Your parents are, in most cases, the ones you can trust the most in the world and with who you have spent the most time with, so they will always want the best for you. The problem with asking them in certain scenarios (Unless they have already gone through them) is the fact that their knowledge might be based in an antiquated set of data that doesn't apply to the present world or that they can be influenced by their own biases and experiences so they will give you an answer in that line. An example of this can be seen in many families when children ask their parents what they should do in life to be quickly answered with a "Get a Degree, Work at a good corporation and repeat until you're 65"
As the title of this article points out, you should ask those who had really achieved what you want to attain in the opportunity or inconvenient you might be facing, as they really have the experience and the tool of skills to deal with all of that, and in most cases they will be more than eager to share that information with you. If you can't find them in your proximal vicinity you should look for online forums dedicated to the topic you are searching and putting questions in there, where people who can relate to you can give you an accurate assessment over your problem.

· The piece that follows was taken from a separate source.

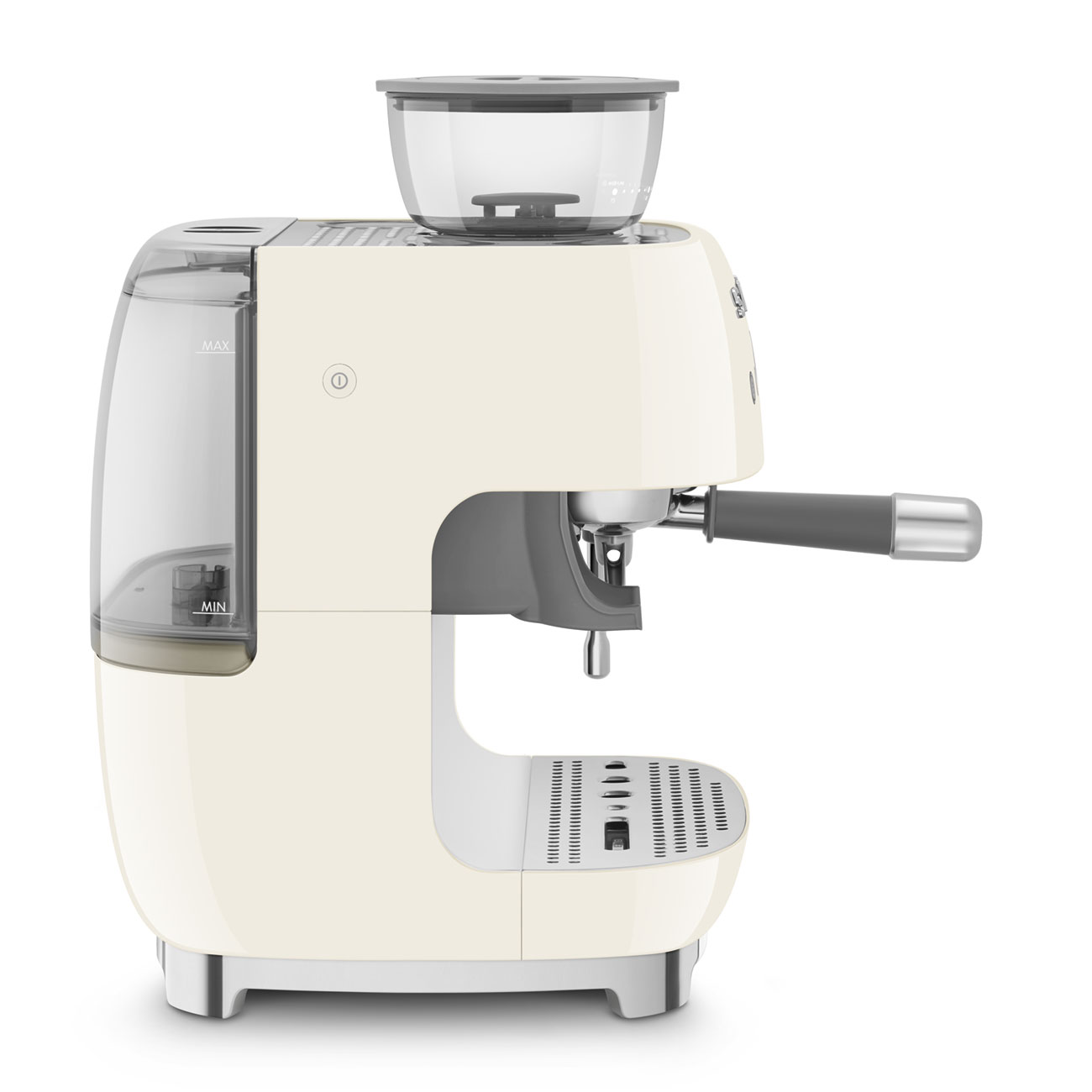 Smeg Manual Espresso Coffee Machine with Grinder 50's Style Aesthetic - Cream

You can even try asking an expert through their social media though I don't guarantee you they will answer.
I hope that this article could have given you some "advice" (I'm not by any means an expert in the field so you should also take my word with some distance) as to who you should really consult when It comes to the tribulations of life and whose counseling you should only take as an opinion, all so you can really get the best information out of your search and have the best outcome possible. However, there are times where only listening might be required from the other part so you can formulate the solution just via conversation, so don't be afraid to share It. Thank you for your support and good luck!